Die Sehnsucht nach dem Himmel motivierte Menschen,
ihr Leben für dieses Wahrheit zu geben. Wenn wir heute von Märtyrern reden, haben wir fast nur noch fanatisierte Menschen im Kopf, die für ihre zumeist religiösen Überzeugungen andere Menschen in den Tod reißen. Diese Menschen sind keine Märtyrer, sondern schändliche Mörder: Ein wahrhafter Märtyrer ist jener, der sein Leben lieber liebevoll und ohne Gegenwehr hingibt, als die Wahrheit seines Glaubens zu verleugnen. Das Martyrium wird ertragen und nicht „gemacht“. Der Heilige Völkerapostel Paulus, der erste Hl. Papst Petrus und viele andere des 12er-Kreises gaben ihr Leben hin für das, was ihnen widerfahren ist. Die Heiligen Märtyrer, die ihr ganzes Leben für die Wahrheit des Himmels hingaben, sind untrügliche Zeichen für die erfüllte Seligkeit in Gott.

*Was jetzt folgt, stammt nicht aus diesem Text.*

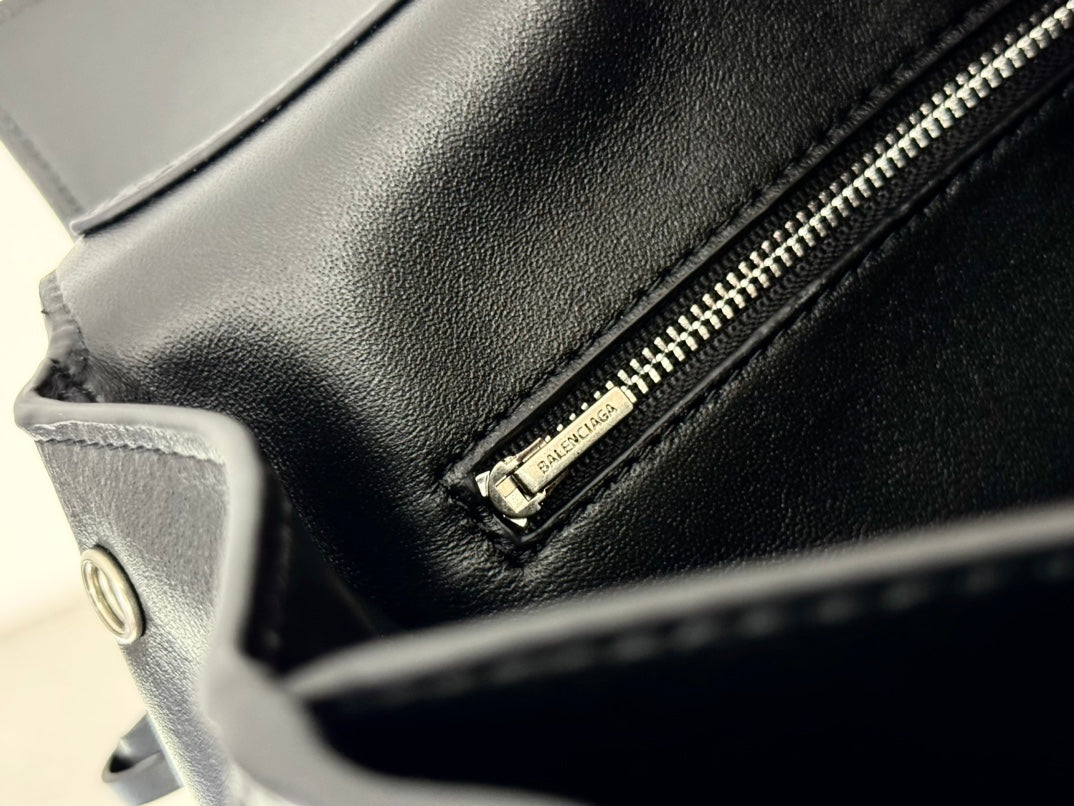 RODEO SMALL BAG 29 IN BLACK SMOOTH CALFSKIN SILVER HARDWARE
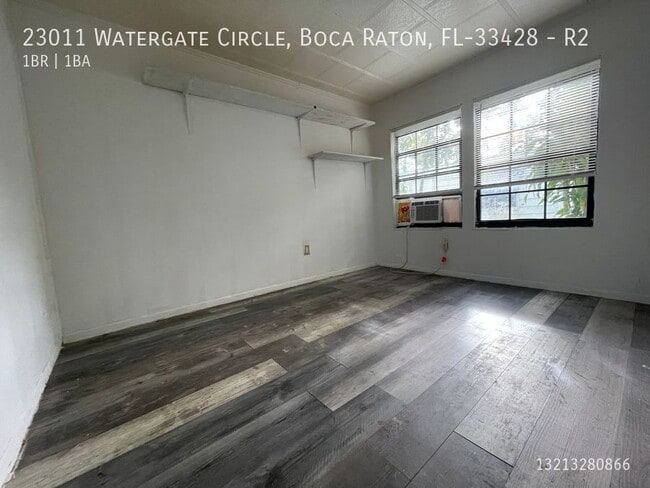 Building Photo - 23011 Watergate Cir Unit R2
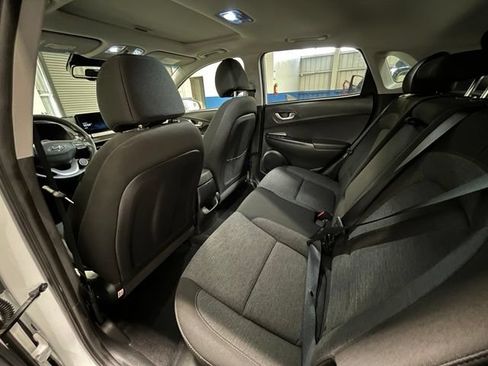 Used 2023 Hyundai Kona SEL FWD image 15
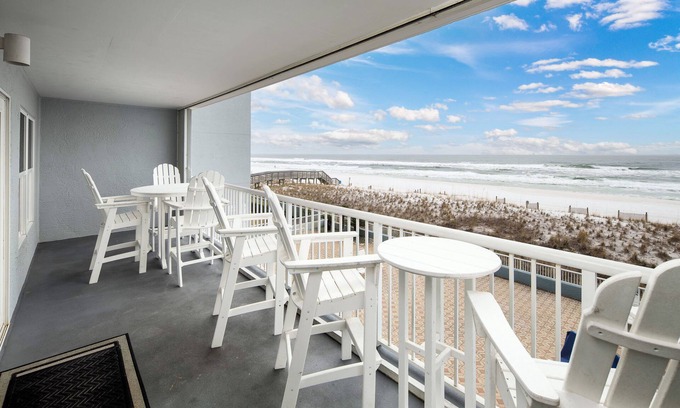 Fort Walton Beach Condo | IBR 3005: Gulf Secret – Oceanfront Luxury Views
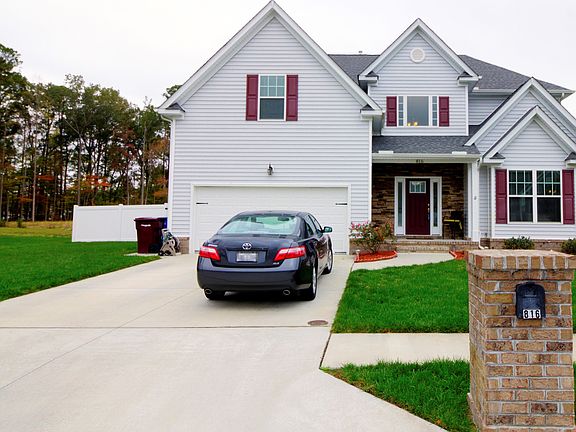 2nd image of 816 Evelyn Way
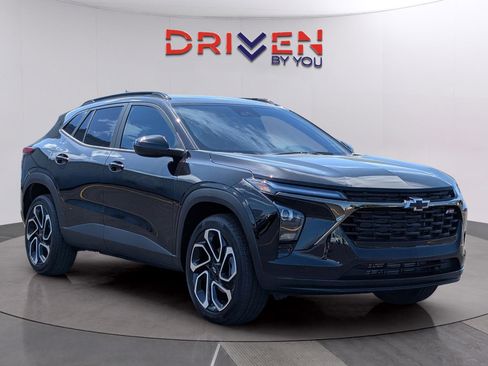 New 2026 Chevrolet Trax RS w/ Driver Confidence Package FWD image 7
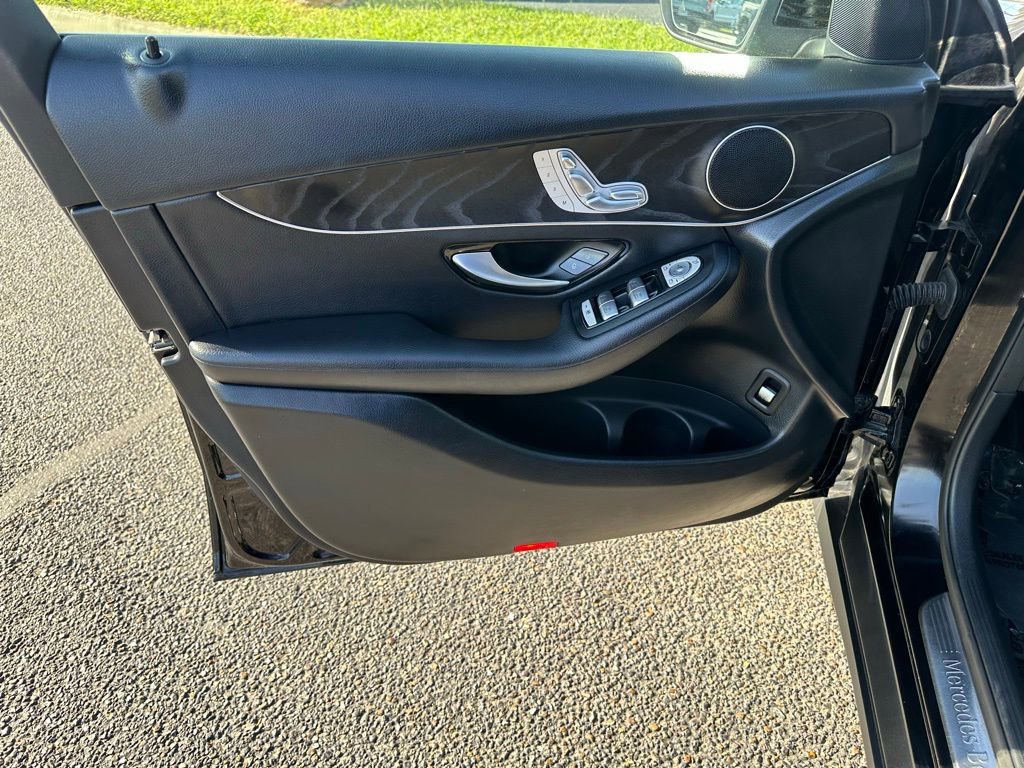 Used 2017 Mercedes-Benz GLC 300 GLC 300 image 10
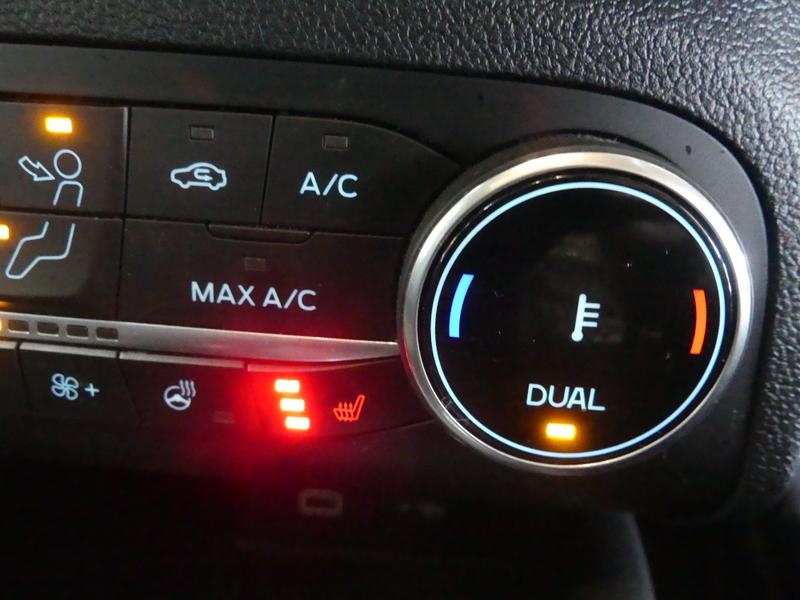 Ford Kuga Photo ddeda976-3364-4a68-ac3a-5d6e5f1a2d88.jpg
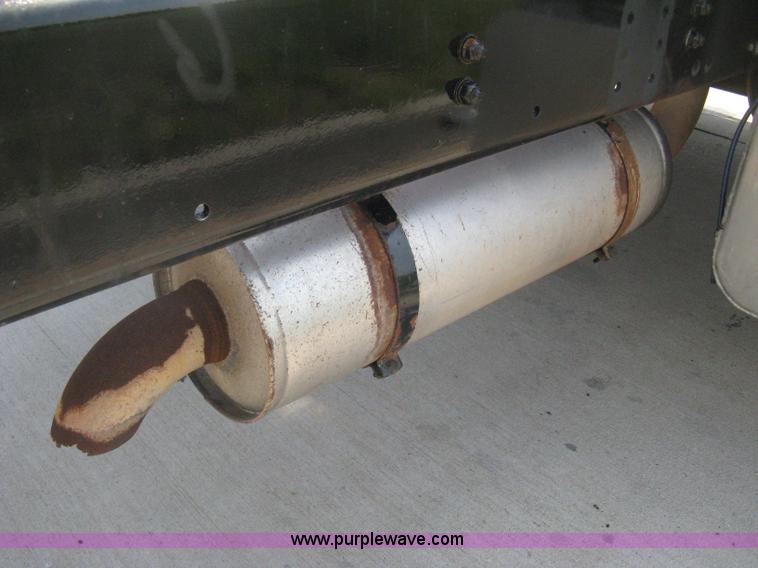 image for item D8373 2004 Mercedes Benz Business Class M2 truck cab and chassis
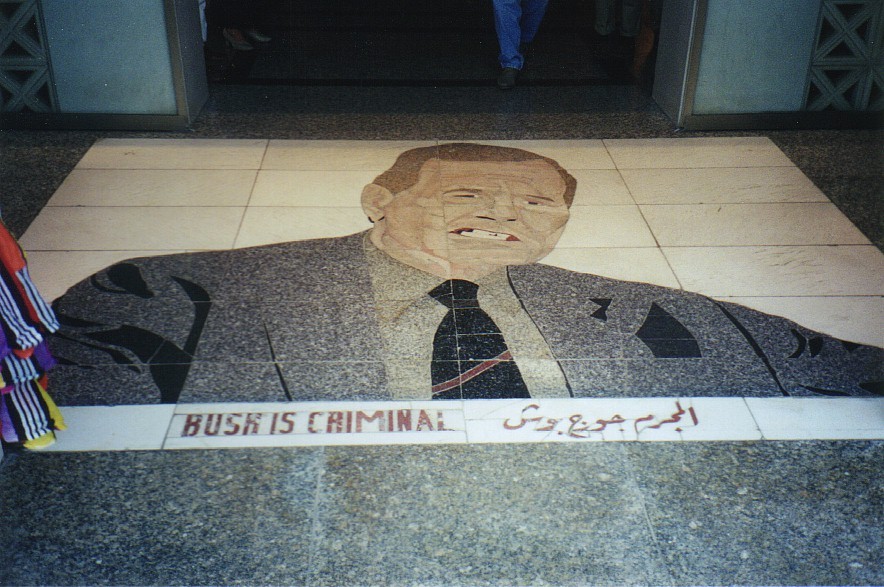 Durante as obras de reconstrução, Layla se voluntariou a produzir um mosaico para decorar a entrada do hotel. Intitulado "Bush é um criminoso", o mosaico foi construído com entulhos retirados da sua própria casa, destruída por um míssil estadunidense.6/9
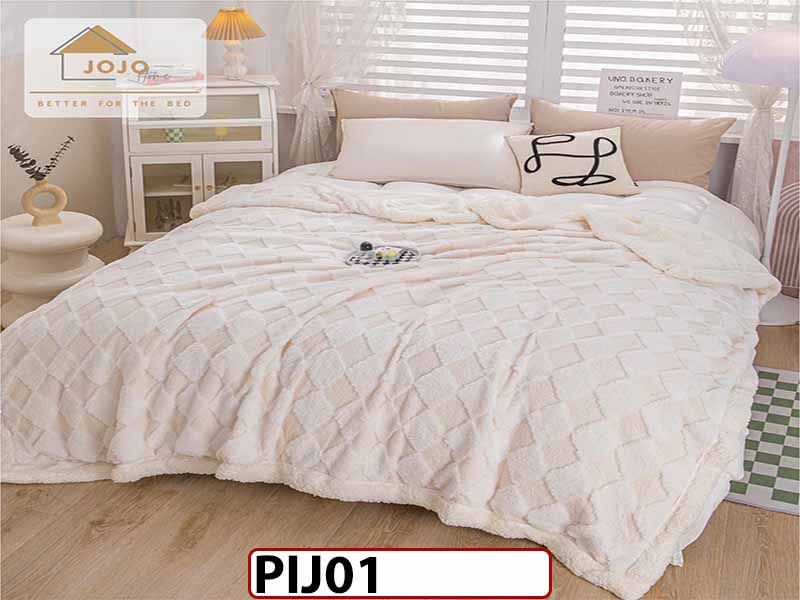 Patura Pufoasa Cocolino cu blanita- PIJ01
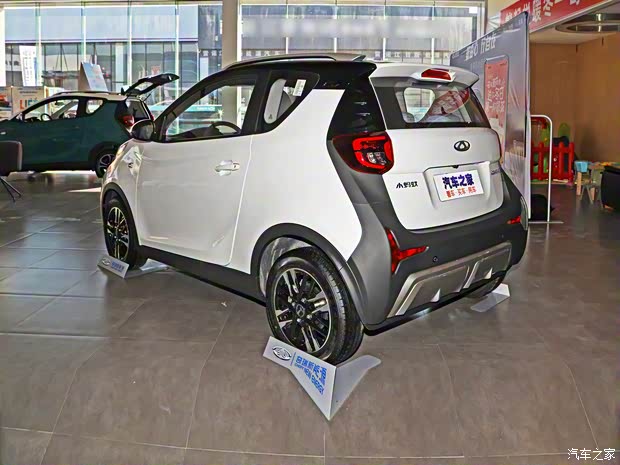 奇瑞新能源 小蚂蚁 2022款 甜粉款 全糖版 磷酸铁锂 30kW 301km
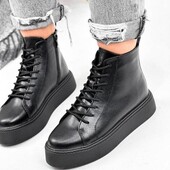 Жіночі зимові шкіряні черевики р.40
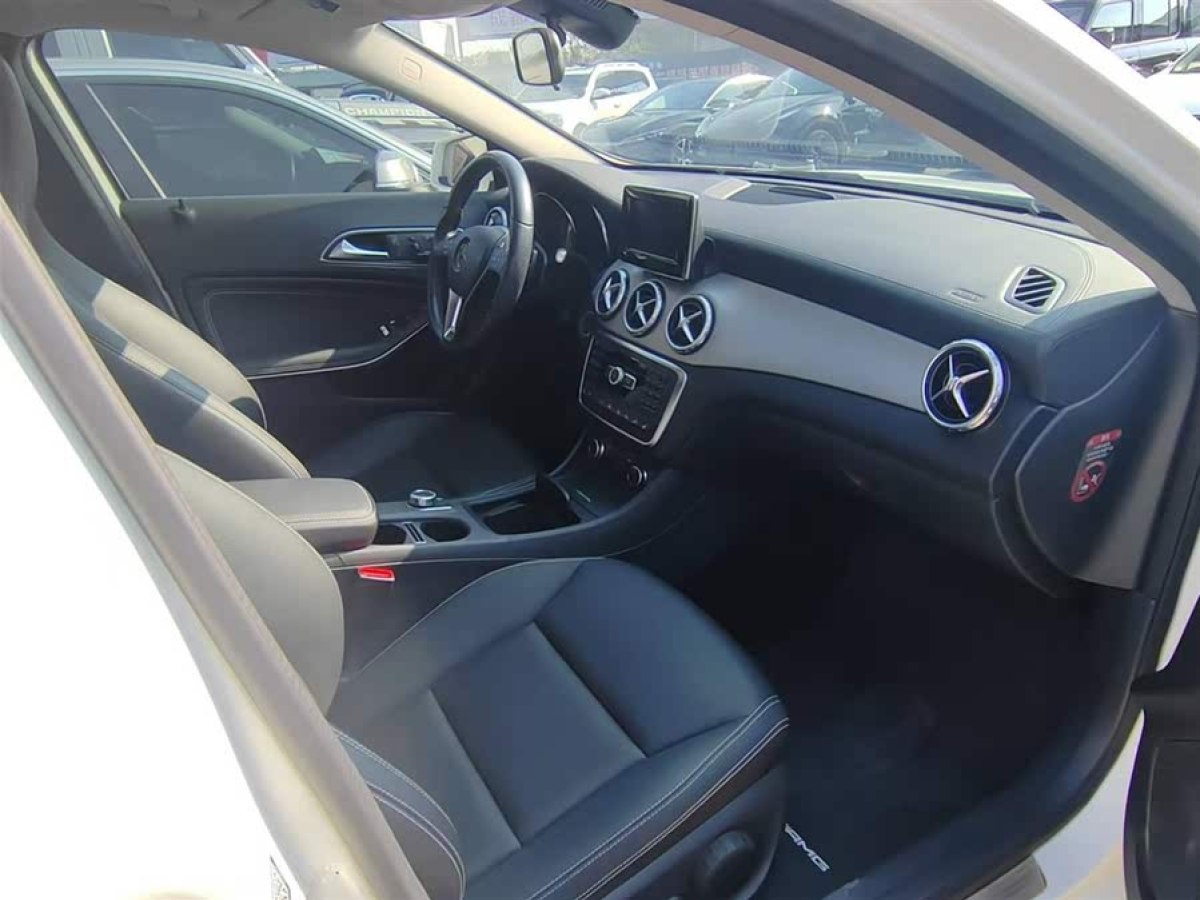 奔馳 奔馳GLA  2016款 GLA 220 4MATIC 時尚型圖片
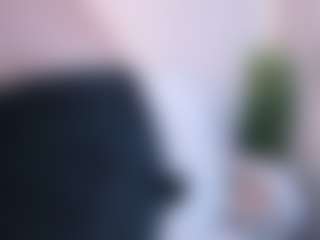 Live cam show with MarelynSummer - Petite Teen (18+) on Sweet Sext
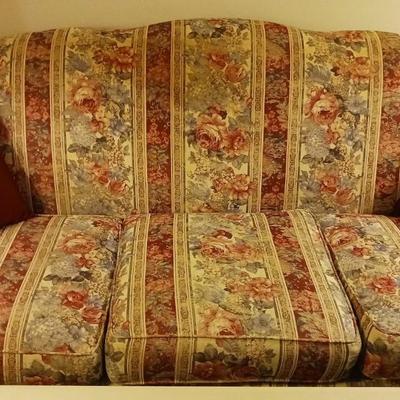 Sofa in gorgeous red floral design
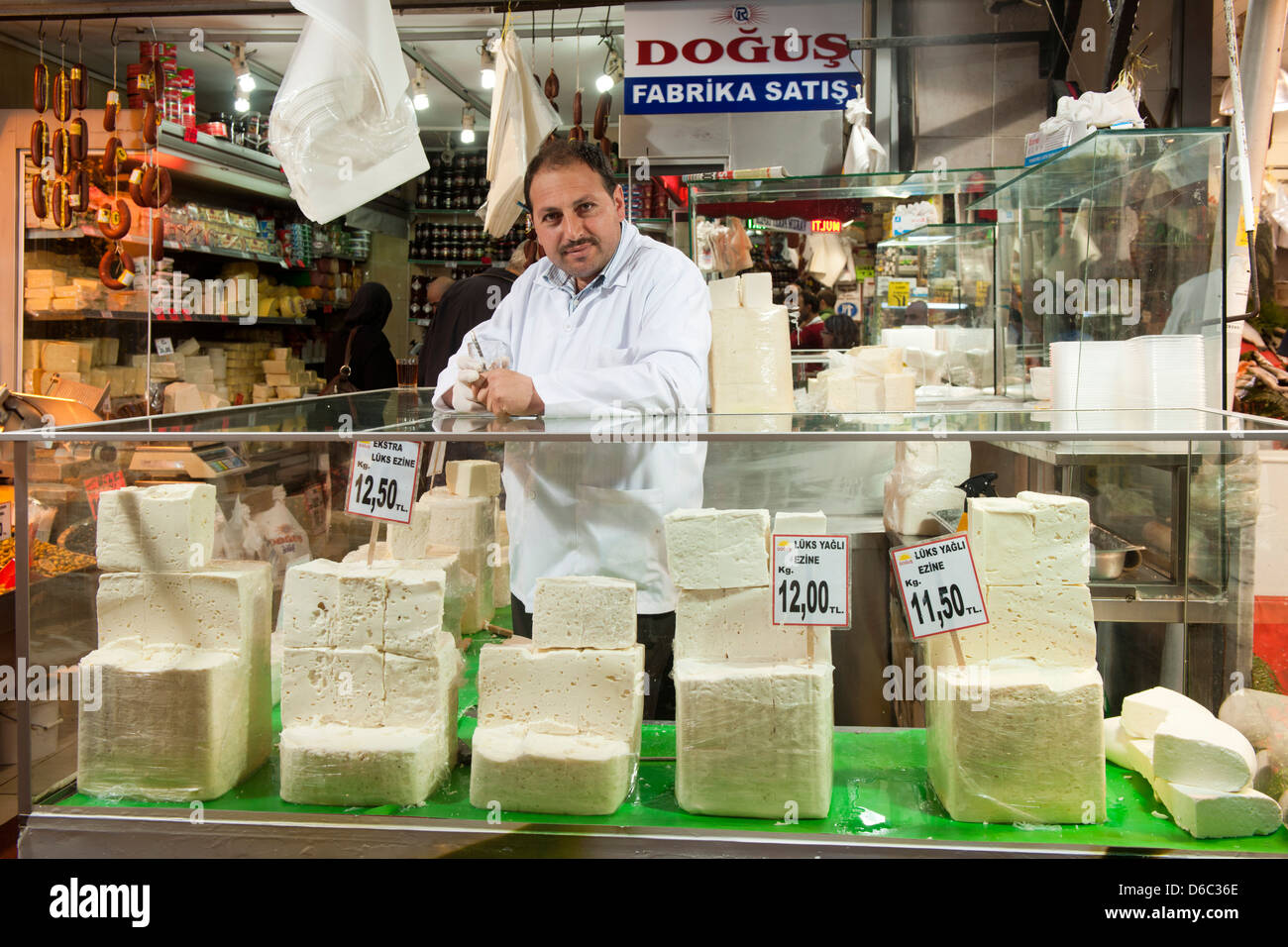 Türkei, Istanbul, Tahtakale, Käsegeschäft in der Tahmin Sokak am Gewürzbasar Stock Photo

6. Der wahre Sinn und Zweck unseres Daseins
Das wahre Ziel des Menschen ist das Dasein zum Lobpreis der Herrlichkeit Gottes. Allein in diesem Verhalten findet er sein persönliches Glück, seine Vollendung und Erfüllung. Einzig ein Leben der Verrlichung Gottes in Gemeinschaft mit den Engeln und Heiligen des Himmels wird ihn dorthin bringen, wohin er so sehr möchte: in die ewige Glückseligkeit. Irenäus von Lyon, Kirchenvater, schreibt: „Gottes Ruhm ist der lebendige Mensch; das Leben des Menschen aber ist die Anschauung Gottes.“ Der letzte Endzweck ist das Wohlgefallen Gottes an der Vereinigung der Menschen mit ihm. Die theologische Antwort auf die Sinnfrage des Menschen lautet daher:
„Gott hat uns ins Dasein gerufen, dass wir ihn erkennen, ihm dienen, ihn lieben und so ins Paradies gelangen.“
(Katechismus der katholischen Kirche).
Dabei wird mit diesem Satz nicht ausgesagt, dass Christen Weltflüchter sind, die ihre Augen nur noch im Himmel haben. Im Gegenteil: Die Seligkeit kann nur durch rechtes Handeln in der Liebe zu Gott und untereinander erlangt werden, wobei das Ziel des Himmels freilich immer mitschwingt. Ohne Liebe kein Himmel. Unser Erdenleben ist die große Prüfung, die Testphase für jeden Menschen, um Gott zu erkennen, ihm gemäß seinem Willen zu dienen, ihn und die Menschen zu lieben und durch dieses gottgefällige Wirken einst die Krone des ewigen Lebens zu erlangen.